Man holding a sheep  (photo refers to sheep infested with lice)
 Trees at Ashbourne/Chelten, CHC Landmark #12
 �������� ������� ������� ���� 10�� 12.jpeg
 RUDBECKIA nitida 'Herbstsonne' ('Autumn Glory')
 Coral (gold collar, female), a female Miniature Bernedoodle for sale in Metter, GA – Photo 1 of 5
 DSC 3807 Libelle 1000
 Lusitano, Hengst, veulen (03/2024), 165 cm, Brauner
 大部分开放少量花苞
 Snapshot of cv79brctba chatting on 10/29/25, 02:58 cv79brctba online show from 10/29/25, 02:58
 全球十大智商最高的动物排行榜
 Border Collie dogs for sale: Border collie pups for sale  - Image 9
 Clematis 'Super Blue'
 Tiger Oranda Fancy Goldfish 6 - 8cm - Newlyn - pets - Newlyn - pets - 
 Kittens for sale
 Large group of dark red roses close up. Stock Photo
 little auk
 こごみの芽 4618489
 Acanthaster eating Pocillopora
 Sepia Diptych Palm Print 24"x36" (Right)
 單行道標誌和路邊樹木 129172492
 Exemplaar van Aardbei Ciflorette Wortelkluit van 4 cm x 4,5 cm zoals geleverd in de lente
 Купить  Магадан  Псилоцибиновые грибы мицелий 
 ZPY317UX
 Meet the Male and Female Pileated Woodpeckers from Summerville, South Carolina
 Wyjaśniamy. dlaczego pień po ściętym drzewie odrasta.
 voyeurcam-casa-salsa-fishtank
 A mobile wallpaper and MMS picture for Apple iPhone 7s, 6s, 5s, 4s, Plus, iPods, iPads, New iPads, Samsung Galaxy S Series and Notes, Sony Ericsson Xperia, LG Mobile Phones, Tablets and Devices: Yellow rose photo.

______________________________

[Exercise description]
Tally the lines above that contain "sale"; give only the number.

[Solution to this task]
3